THE INPUT: Begin

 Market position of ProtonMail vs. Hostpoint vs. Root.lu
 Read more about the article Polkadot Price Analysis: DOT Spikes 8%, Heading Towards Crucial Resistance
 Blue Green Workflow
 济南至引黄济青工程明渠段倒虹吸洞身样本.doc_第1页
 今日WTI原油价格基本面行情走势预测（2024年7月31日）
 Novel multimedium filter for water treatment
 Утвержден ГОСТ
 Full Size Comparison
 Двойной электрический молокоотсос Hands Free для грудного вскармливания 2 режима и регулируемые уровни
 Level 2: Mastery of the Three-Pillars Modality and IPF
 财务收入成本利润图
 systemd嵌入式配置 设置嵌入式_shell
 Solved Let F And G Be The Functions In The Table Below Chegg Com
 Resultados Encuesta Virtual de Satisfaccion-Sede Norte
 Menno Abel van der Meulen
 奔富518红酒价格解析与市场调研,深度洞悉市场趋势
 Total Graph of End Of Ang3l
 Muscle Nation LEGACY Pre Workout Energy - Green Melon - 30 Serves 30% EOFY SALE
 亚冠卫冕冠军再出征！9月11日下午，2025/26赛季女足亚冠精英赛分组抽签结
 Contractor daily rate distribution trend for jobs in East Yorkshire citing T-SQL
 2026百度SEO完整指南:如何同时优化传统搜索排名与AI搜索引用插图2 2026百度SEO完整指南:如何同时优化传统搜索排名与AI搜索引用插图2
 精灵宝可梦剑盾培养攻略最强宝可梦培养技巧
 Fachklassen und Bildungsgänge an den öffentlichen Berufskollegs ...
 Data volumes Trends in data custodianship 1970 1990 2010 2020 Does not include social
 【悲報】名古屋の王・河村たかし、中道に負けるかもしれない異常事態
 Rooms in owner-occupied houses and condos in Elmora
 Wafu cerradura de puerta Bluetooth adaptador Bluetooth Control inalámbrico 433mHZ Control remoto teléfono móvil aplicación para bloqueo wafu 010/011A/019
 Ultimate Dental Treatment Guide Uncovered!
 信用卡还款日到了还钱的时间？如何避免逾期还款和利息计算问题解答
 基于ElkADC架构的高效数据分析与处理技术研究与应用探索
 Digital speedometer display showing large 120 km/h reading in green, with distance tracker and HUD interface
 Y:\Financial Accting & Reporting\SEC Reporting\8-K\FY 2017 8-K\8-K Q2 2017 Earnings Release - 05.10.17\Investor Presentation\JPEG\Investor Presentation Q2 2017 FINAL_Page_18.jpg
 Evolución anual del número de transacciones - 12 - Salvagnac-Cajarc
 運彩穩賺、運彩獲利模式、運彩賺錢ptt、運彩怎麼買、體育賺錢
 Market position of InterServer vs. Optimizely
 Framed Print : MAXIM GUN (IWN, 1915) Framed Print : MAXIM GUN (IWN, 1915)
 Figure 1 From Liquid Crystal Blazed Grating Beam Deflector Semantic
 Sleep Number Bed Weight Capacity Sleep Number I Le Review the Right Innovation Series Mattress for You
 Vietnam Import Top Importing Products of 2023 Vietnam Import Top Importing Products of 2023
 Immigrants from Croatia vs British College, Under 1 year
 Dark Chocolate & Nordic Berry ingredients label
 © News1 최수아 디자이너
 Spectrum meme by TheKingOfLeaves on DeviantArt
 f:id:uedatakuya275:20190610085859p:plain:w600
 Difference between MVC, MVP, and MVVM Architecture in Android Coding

THE INPUT: End

## YOUR ASSIGNMENT
Filter the listing for the word "position" and copy each line that has it.

## EXERCISE ANSWER
 Market position of ProtonMail vs. Hostpoint vs. Root.lu
 Market position of InterServer vs. Optimizely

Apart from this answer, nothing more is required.